Natalie Johnson of the Washington Free Beacon highlights a North Carolina senator’s support for Gordon Sondlund, the “multimillionaire hotel mogul” slated to become U.S. ambassador to the European Union.
Sen. Thom Tillis (R., N.C.), who met Sondland during his 2014 bid for U.S. Senate, said the mogul’s family history is particularly pertinent to the post at a time when populism and anti-Semitism are on the rise in Europe and the United States.
His parents, Günther Sondland and Frieda Piepsch, were born in Berlin and forced to escape the country soon after they married due to the rise of Hitler and onset of World War II. Sondland told the Portland Business Journal that his parents weren’t reunited until eight years after they fled Germany.
“When you have parents who were brought up as his were, then you have to believe that part of the family tradition is understanding what can happen when these ideas take hold and understanding the reality that we’re only a couple of generations away from what happened in Nazi Germany,” Tillis said. “Having that in the back of your mind, having that family experience and history, is just another reason why he rounds out a good resume for the job.”
Sondland is the founder and chief executive of Provenance Hotels, which oversees several boutique hotels restaurants located primarily in Portland and Seattle.
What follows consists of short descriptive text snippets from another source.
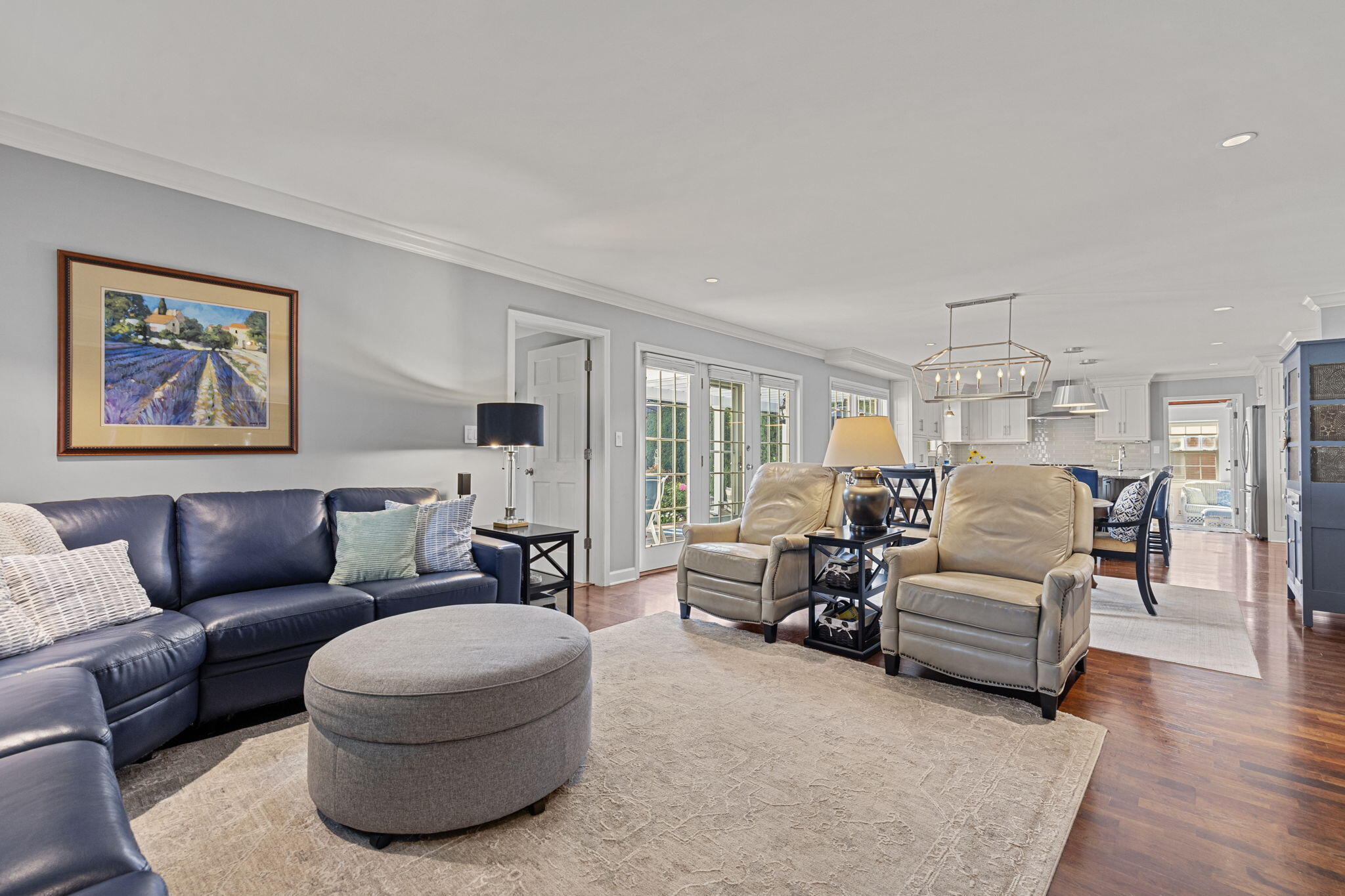 2609 Fairway Drive
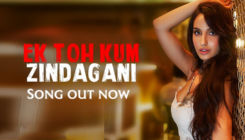 'Ek Toh Kum Zindagani' Song: Nora Fatehi sets the dance floor on fire once again with her sizzling moves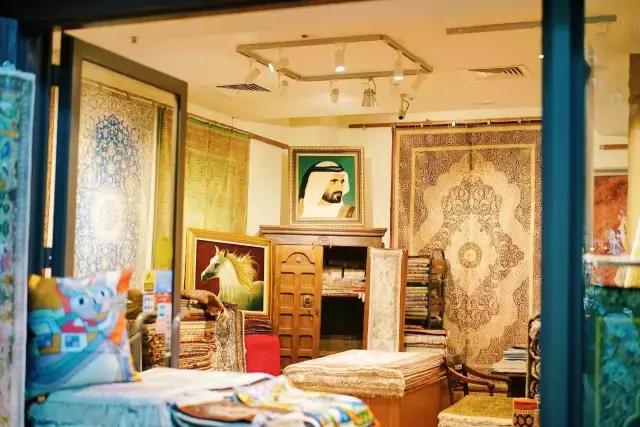 迪拜并不是你们想的遍地黄金，但它真是一个适合度假的好地方！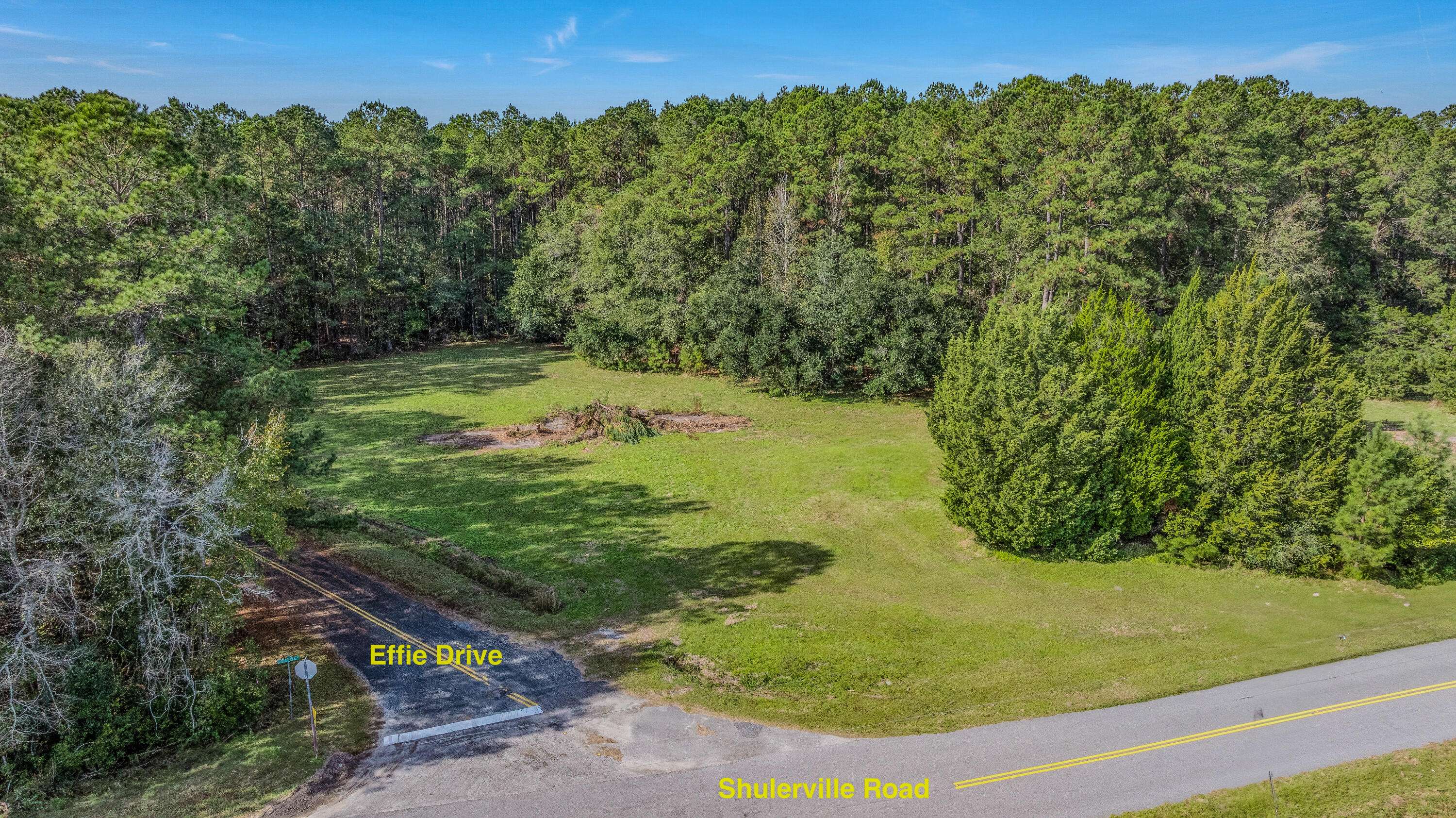 Jamestown, SC 29453,1849 Shulerville Rd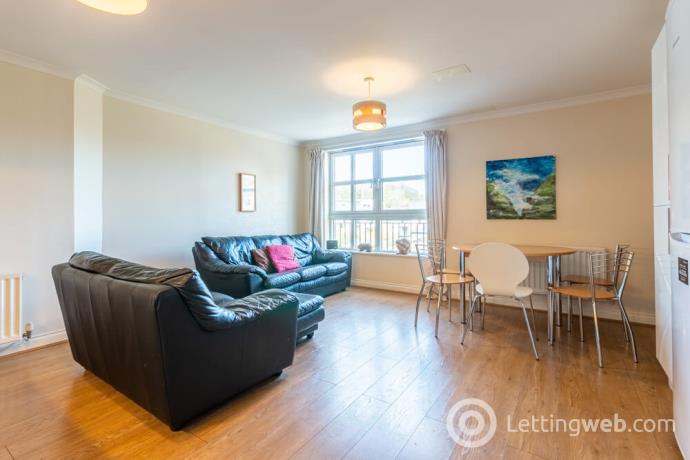 Property to rent in Old Tolbooth Wynd, Edinburgh, EH8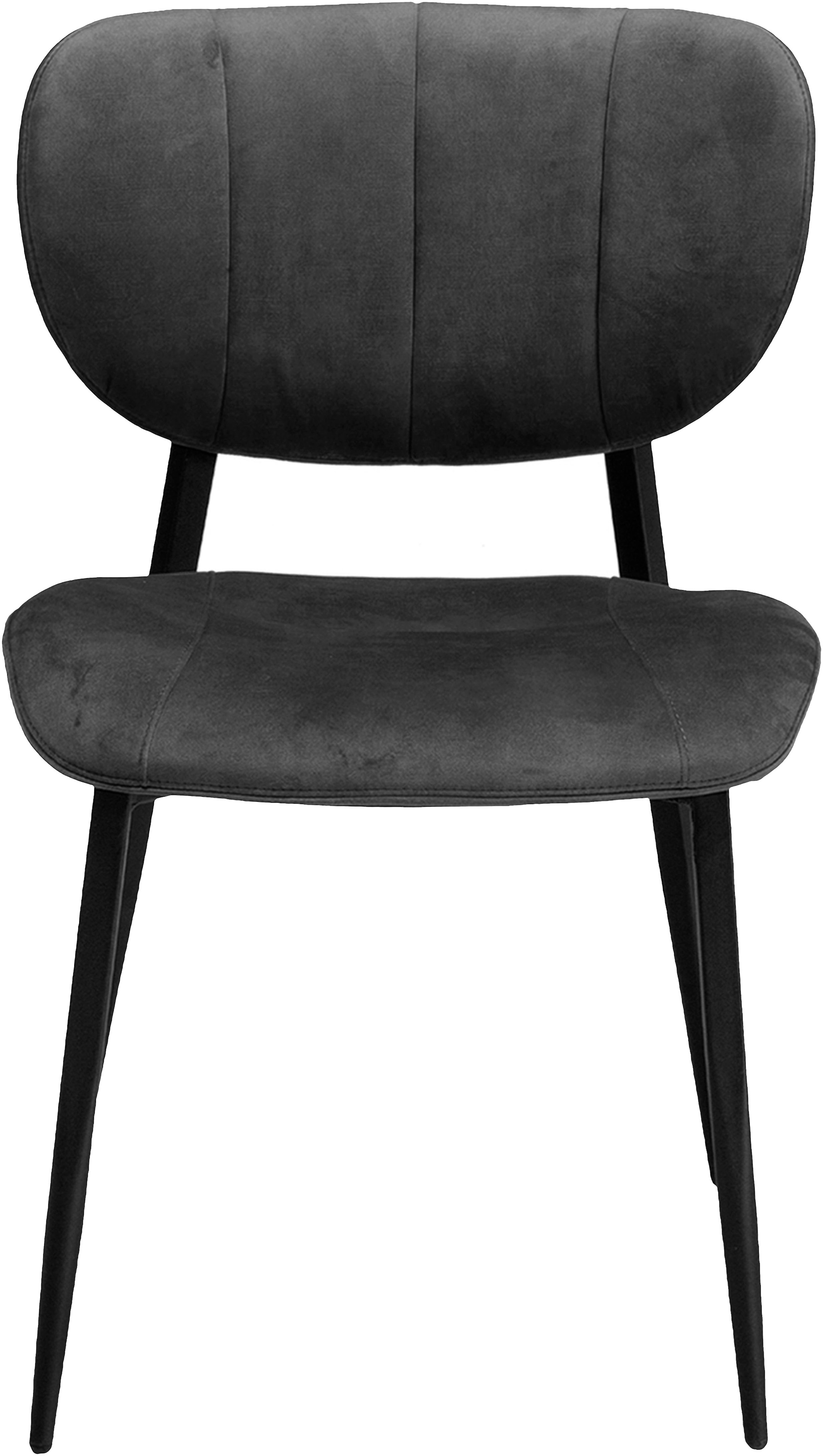 OMG Design Esszimmerstuhl »Jona«, (Set), 1 St., Stoff, Küchenstuhl Polsterstuhl, In drei stilvollen Farben erhältlich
He also runs a charity with his wife, Katherine Durant, and sits on the advisory board of bank holding company U.S. Bancorp.
Though Sondland has never served in the government, he worked for more than a decade alongside former Oregon governor Ted Kulongoski, a Democrat who held the office from 2003 to 2011. Kulongoski said Sondland’s values will serve him well in Brussels if he is confirmed for the position.